Экономика

«Бизнес в неволе не размножается». Александр Бедарев дает прогноз о возможных изменениях на зерновом рынке

Участники зернового рынка давно привыкли к тому, что цены на пшеницу подвержены резким колебаниям. Это один из немногих секторов экономики, где производитель может в следующем году реализовать сырье дешевле, чем в предыдущем. Как правило, в ноябре основные баталии по поводу цены на рынке зерна прекращаются. Но текущий сезон стал исключением. Стоимость пшеницы неуклонно снижается, причем эксперты опасаются давать прогнозы на будущее. «ВД» обратилось за разъяснениями к генеральному директору компании «Мельник», председателю совета директоров Сибирского зернового союза Александру Бедареву.

– Александр Федорович, российский зерновой рынок за пять последних месяцев испытал на себе несколько ценовых обвалов. На фоне того, что в крае получен средний по объему и качеству урожай, положение местных сельхозпроизводителей выглядит еще печальнее. Как будет меняться ситуация?

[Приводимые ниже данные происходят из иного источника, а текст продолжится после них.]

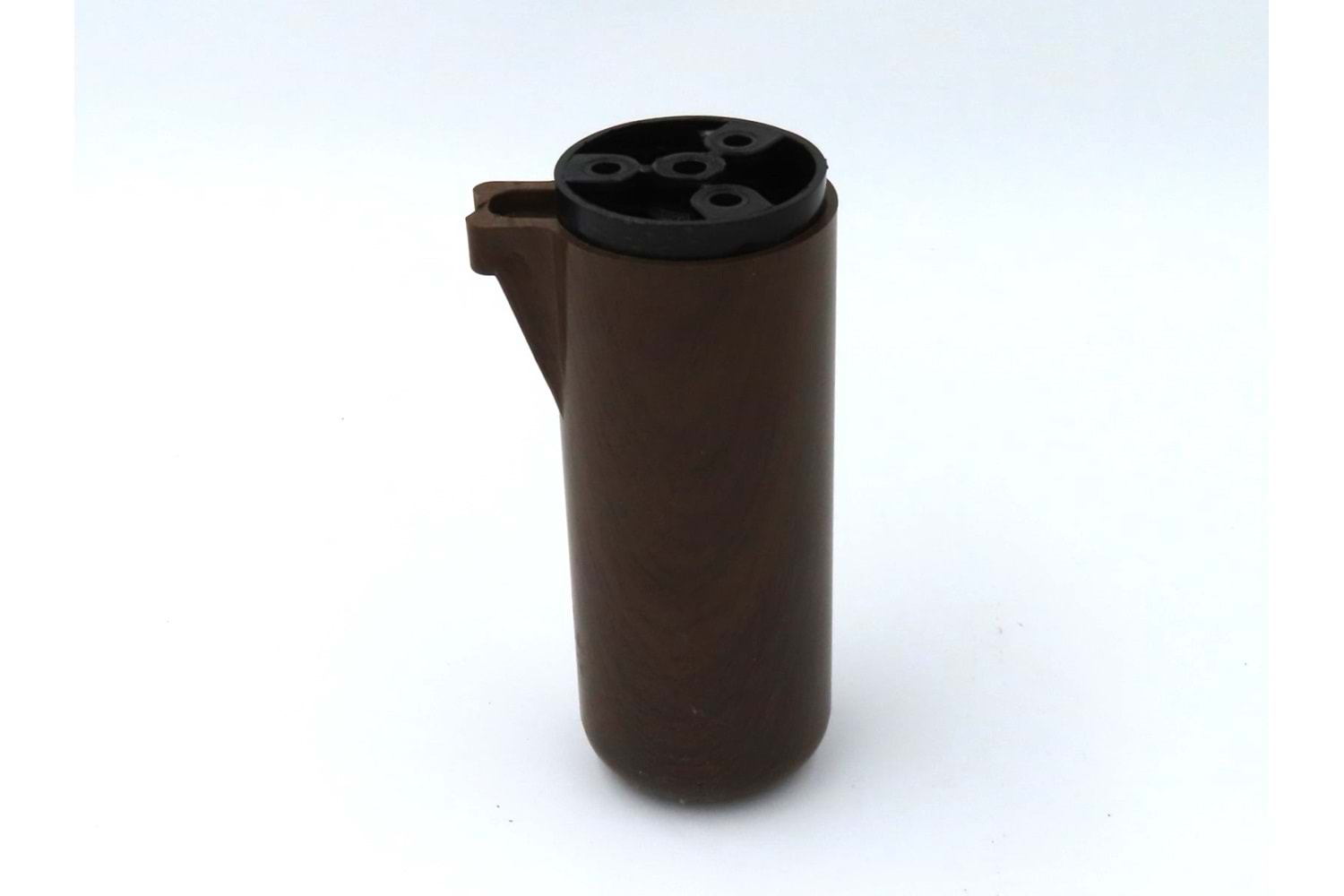 VB 310-213 kapsül 15 cm kübük ceviz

– Сегодня происходит возврат к реальной экономической цене на зерно, которая, я уверен, не опустится ниже 5 тыс. рублей за тонну. Вообще, российский да и мировой рынки зерна испытывают не самые приятные ощущения после столь шикарной цены в 9,5 тыс. рублей за тонну продовольственной пшеницы, что была в апреле текущего года. Но с мая, несмотря на протесты крестьян, она неуклонно снижалась и сегодня подошла к отметке, равной прошлогодней в данный период. Здесь ничего не поделаешь. Растущий тренд был обусловлен низкими, но некатастрофическими переходящими остатками зерна. Тенденция же к понижению была обусловлена хорошими видами на урожай в стране и мире, который теперь уже подтвердился. В мире собрано 680 млн. тонн пшеницы против 612 млн. в 2007 году. Причем прирост валового объема наблюдается на всех континентах.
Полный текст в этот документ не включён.